Взаимное непонимание Павла Иваныча и Гусева происходит не оттого, что один образованный, а другой темный. Они по-разному видят мир. Мышление Гусева – фольклорное, более поэтическое, чем у Павла Иваныча. Он находит естественным, что «ветер с цепи сорвался» и, значит, где-то «там, где конец света <…> стоят толстые каменные стены, а к стенам прикованы злые ветры…» (С., 7,328). Для Павла Иваныча этот образ – плод грубого невежества, для художника – выразительная метафора, а для Гусева – реальность, в которой и мудреного ничего нет. Так же как для Липы (повесть «В овраге») нет ничего неправдоподобного во встрече в поле со святыми. «Вы святые?» – спрашивает Липа у старика-возчика, и он так же спокойно, без удивления, отвечает: «Нет. Мы из Фирсанова» (С., 10, 174).
В сознании и Липы, и этого старика, и Гусева продолжают жить древние представления о мироздании, которые позднейшей цивилизацией переведены в разряд символов, но не утратили своей простой мудрости. Русский патриархальный крестьянин и в XIX веке принимает их буквально, что не мешает ему здраво рассуждать и ориентироваться в современности – до тех пор, пока не изменился круто его жизненный уклад.

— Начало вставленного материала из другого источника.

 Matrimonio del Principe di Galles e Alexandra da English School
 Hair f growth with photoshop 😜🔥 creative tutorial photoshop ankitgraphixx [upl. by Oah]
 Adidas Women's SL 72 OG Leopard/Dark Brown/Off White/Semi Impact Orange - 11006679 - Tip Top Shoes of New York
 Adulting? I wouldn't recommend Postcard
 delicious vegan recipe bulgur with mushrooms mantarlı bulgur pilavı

В фольклорном образе мира занимают извечное им отведенное место солнце и луна, человек и зверь, господин и слуга, царь и мужик, жизнь и смерть, ад и рай. Этот мир устойчив, Гусев питает к нему доверие и не может сочувствовать бесконечным протестам «неспокойного человека», имеющим целью все поломать. Все должно идти своим порядком; его, Гусева, дело – жить правильно, то есть исполнять как следует свою работу, не чинить зла, слушаться тех, кто умнее и старше, кто поставлен выше тебя. Своим маленьким племянникам, оставшимся в деревне, Гусев желает ума-разума, но чтоб «умнее отца-матери не были…» (С., 7, 328). Хотя отец у них «не степенный: пьяница», а все же отец. В доме у Гусева живется неблагополучно, а все же родной дом, родная деревня, все свои, все крещеные. На чужбине, хотя и работа легкая, Гусеву не по себе, он скучает, томится, ни с того ни с сего дерется с манзами (китайцами), повинными только в том, что они живут по каким-то другим, чуждым ему правилам и традициям.

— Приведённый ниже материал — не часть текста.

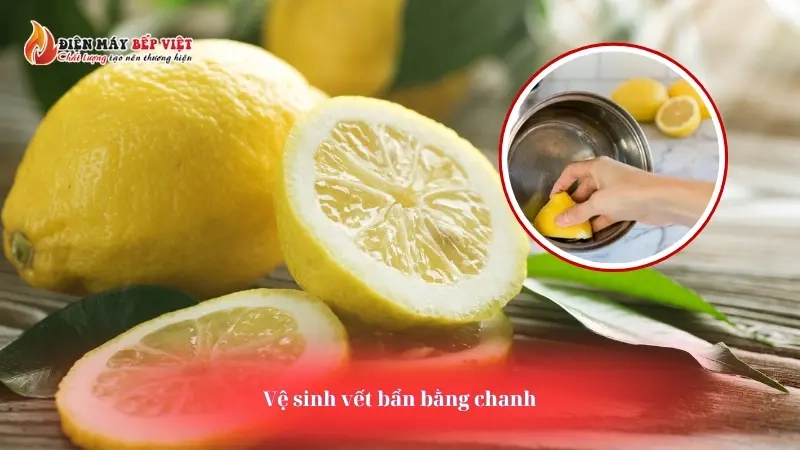 Vệ sinh nồi luộc bánh chưng bằng chanh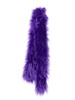 Purple fur scarf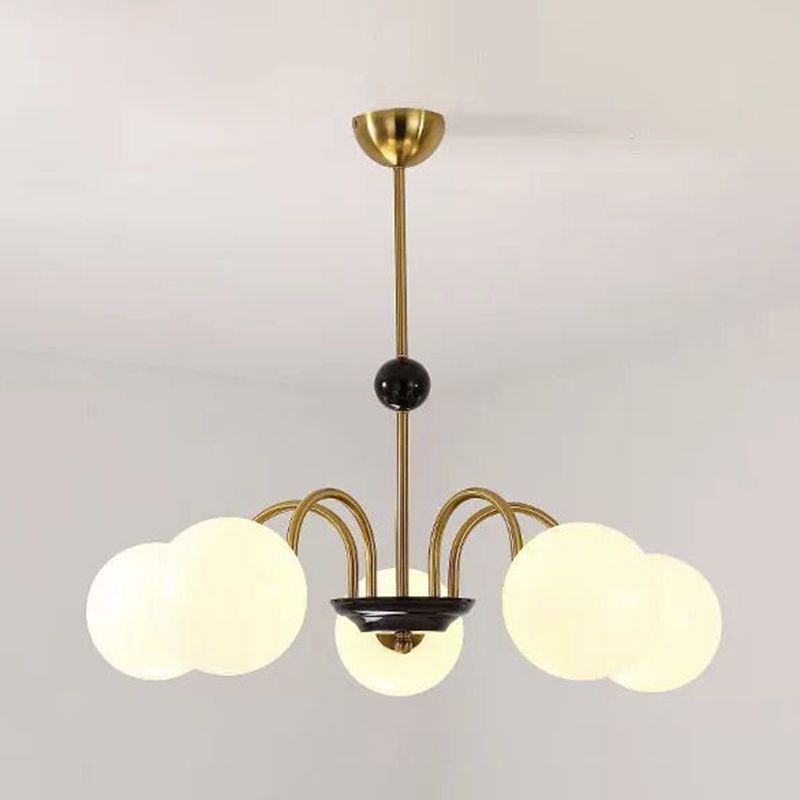 Contemporary Sphere Chandelier Lights Glass Chandelier Lighting Fixtures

В образе Гусева есть отзвук сахалинских впечатлений Чехова. Гусев ни с кого персонально не «списан», но некоторые черты русского характера, ему свойственные, писатель наблюдал в среде каторжных и ссыльных. В IV главе книги «Остров Сахалин» упоминается бродяга по прозвищу Красивый, сосланный за бегство от военной службы и живущий на Сахалине уже 22 года. Он стар, нищ, но весел и на судьбу не ропщет. «Он рассказывает, что на Сахалине за все 22 года он ни разу не был сечен и ни разу не сидел в карцере.
– Потому что посылают лес пилить – иду, дают вот эту палку в руки – беру, велят печи в канцелярии топить – топлю. Повиноваться надо. Жизнь, нечего бога гневить, хорошая. Слава тебе, господи!» (С., 14,81)

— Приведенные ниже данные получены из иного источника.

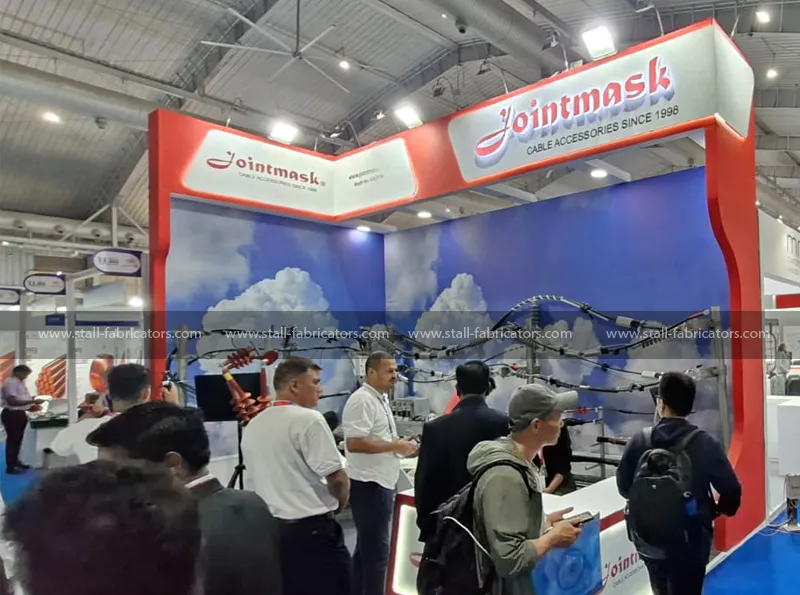 Exhibition stall for Joint Masks at ELASIA 2026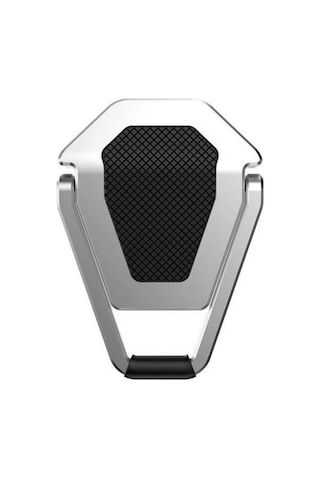 Fastbuy Alüminyum Laptop Soğutucu Standı - Katlanır, Ergonomik, Silikon Kaplı, Siyah-gümüş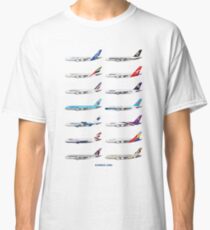 Airbus A380 Operators Illustration Classic T-Shirt
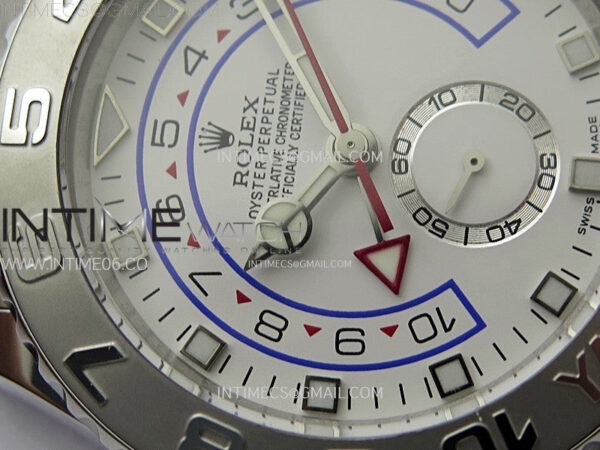 YachtMaster II 116689 SS KF 1:1 Best Edition White Dial On SS Bracelet A7750 - Image 6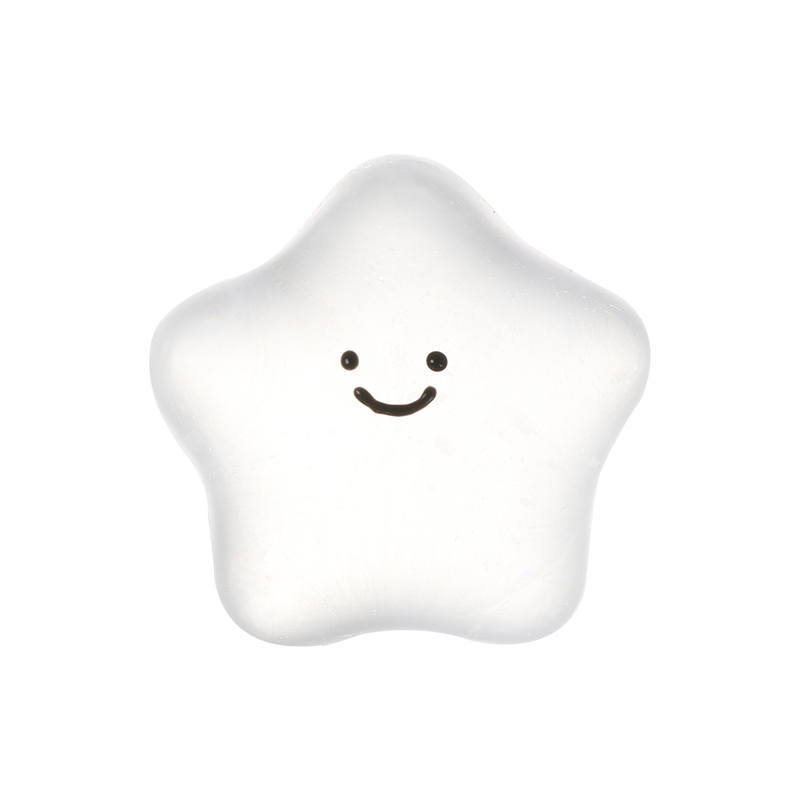Extra Sticky Transparent Star Squishy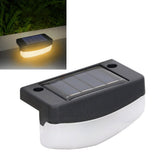 Solar Stair Light LED with PC Shell Stairs Steps Lamps Outdoor Step Lamp For Garden Park Fence Warm White Light - Extra Image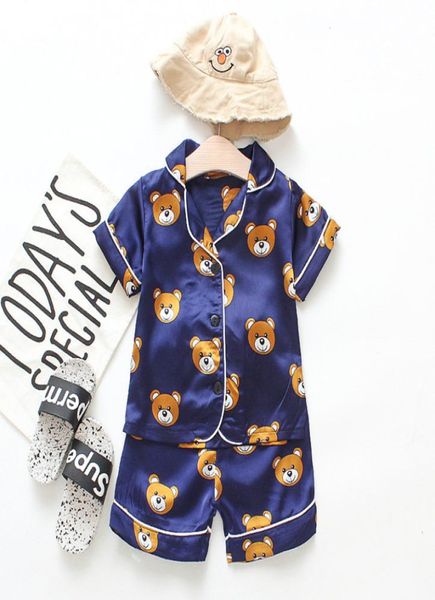 new summer children039s pajamas sets boys girls cartoon bear home wear kids twopiece set shortsleeved suit child home clothes7149248, Blue;red
new summer children039s pajamas sets boys girls cartoon bear home wear kids twopiece set shortsleeved suit child home clothes7149248, Blue;red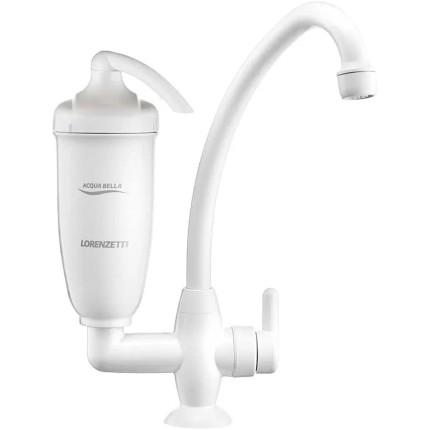 Purificador de Água com Torneira de Mesa Acqua Bella, LORENZETTI, 7411817, Branco, Pequeno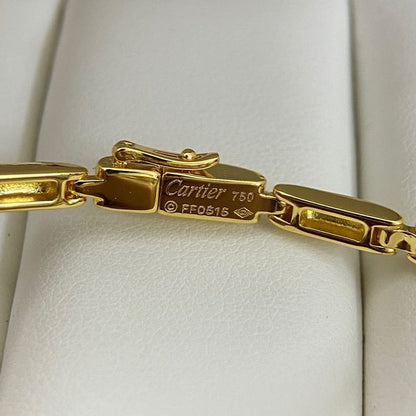 [LUCKY LOVE]PANTHERE HALF DIAMOND ON CHAIN BRACELET
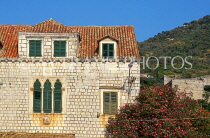 CROATIA, Elaphite Islands (Dubrovnik Coast), LOPUD, old building, CRO432JPL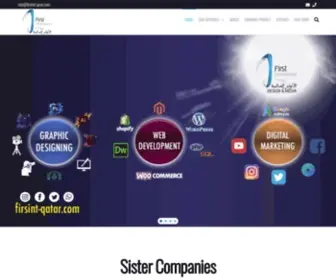 Firstint-Qatar.com(First International) Screenshot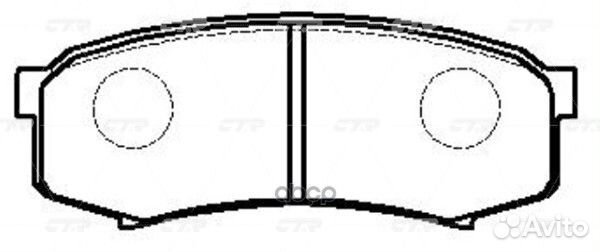 CKT-14 Колодки тормозные дисковые зад GK1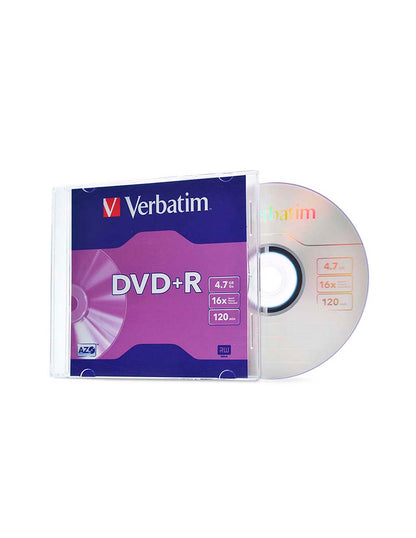 95059 / Disco DVD, DVD+R, 4.7GB, 16X Verbatim, Caja estándar con 1 pieza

Эта тирада, как видим, очень близка к речам Гусева, местами почти текстуально совпадает. В целом же Гусев на Красивого не похож, он хозяйственный мужик, у него нет бродяжьей беспечности. Приятие жизни, какая дана, и безотказность – вот их общие черты.
Шестая глава «Острова Сахалин», озаглавленная «Рассказ Егора», – запись рассказа каторжника, прислуживавшего в доме, где квартировал Чехов. Егор был осужден без вины – за убийство, которого не совершал и даже при нем не присутствовал. Но и Егор не жалуется. С Гусевым его сближает удивительная незлобивость, степенность, способность ко всякому труду и потребность в труде.
Чеховский Гусев стоит в ряду образов русского крестьянина, созданных великими писателями, начиная с Льва Толстого (фигура Платона Каратаева) и кончая, может быть, автором «Одного дня Ивана Денисовича». Тургенев уподоблял русского мужика сфинксу. Нечто загадочное, при всей видимой бесхитростности, есть и в Гусеве. Недаром же рассказ о нем сложился в таком фантастическом для России месте, как остров Цейлон. Впечатления «ада» и «рая» переплелись.